The up-to-date, acclaimed guide to writing and selling screenplays to today's film and TV markets. This is the new screenwriter's bible.
Michael Hauge's book is an extremely pleasant read; it offers insight into both writing scripts and the industry you are attempting to enter. His advice is realistic yet optimistic; Hauge presents you with an honest account of the script market while managing to maintain, even encourage, the reader's belief in success.

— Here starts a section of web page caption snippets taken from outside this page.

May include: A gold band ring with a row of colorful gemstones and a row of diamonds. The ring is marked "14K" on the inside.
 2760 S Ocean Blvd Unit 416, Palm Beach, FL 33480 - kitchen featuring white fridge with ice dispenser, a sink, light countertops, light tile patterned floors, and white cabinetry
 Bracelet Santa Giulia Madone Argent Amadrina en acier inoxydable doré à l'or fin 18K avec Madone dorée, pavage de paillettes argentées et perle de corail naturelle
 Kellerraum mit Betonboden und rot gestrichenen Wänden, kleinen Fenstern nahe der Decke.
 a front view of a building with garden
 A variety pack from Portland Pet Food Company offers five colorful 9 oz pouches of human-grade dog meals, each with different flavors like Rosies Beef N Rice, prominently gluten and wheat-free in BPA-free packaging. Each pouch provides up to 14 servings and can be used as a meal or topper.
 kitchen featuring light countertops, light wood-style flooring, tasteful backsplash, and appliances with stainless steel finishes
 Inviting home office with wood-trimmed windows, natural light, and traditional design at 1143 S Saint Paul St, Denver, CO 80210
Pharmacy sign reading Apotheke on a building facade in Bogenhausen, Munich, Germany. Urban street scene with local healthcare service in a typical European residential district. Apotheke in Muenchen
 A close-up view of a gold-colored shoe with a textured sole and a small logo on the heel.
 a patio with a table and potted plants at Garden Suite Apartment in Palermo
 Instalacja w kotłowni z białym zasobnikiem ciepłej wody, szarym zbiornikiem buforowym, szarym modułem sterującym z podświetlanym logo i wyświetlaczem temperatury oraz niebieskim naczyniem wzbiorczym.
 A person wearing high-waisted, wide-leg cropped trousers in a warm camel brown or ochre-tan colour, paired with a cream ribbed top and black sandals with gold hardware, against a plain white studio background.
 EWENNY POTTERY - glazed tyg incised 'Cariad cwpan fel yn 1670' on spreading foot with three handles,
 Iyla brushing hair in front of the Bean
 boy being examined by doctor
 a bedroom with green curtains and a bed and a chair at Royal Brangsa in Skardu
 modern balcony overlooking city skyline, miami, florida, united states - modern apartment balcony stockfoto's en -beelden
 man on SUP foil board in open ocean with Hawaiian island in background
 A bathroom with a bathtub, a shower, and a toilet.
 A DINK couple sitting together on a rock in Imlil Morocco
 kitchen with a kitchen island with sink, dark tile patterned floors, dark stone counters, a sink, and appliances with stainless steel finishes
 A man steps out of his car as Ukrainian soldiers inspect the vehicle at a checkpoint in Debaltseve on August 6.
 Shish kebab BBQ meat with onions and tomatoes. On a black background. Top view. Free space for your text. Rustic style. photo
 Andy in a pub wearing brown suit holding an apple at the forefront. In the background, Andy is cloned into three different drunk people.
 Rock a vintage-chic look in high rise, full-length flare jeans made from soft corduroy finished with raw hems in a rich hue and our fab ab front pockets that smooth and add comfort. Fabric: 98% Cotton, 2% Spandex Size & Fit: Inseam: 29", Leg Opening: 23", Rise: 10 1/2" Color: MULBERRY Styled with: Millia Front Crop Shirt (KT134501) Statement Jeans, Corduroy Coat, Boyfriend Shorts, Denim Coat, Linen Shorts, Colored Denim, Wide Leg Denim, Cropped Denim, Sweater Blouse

The book offers several partial script breakdowns - including The Karate Kid and Body Heat amongst others - which are very helpful when applying his ideas to your own script. Hauge doesn't attempt to revolutionise scriptwriting with his own unproven theories, he mostly attempts to reinforce the basic steadfast rules of the Hollywood scriptwriting system while offering interesting and convincing explanations of why they work, which is encouraging.
I recommend this book for all scriptwriters, both beginners and the more experienced who, like myself, sometimes feel in need of a bit of a refresher.
When you're read for something intermediate, check out Armer's WRITING THE SCREENPLAY and Thom's THE BIG DEAL (about spec scripts that sold in the last decade or so).
And, for advanced techniques go to: Lagos Egri's THE ART OF DRAMATIC WRITING (more for plays but it does apply) and McKee's STORY . . . and, of course, the superlative WORDPLAYER.COM with free articles by two working screenwriters . .. Ted Elliot and Terry Rossio.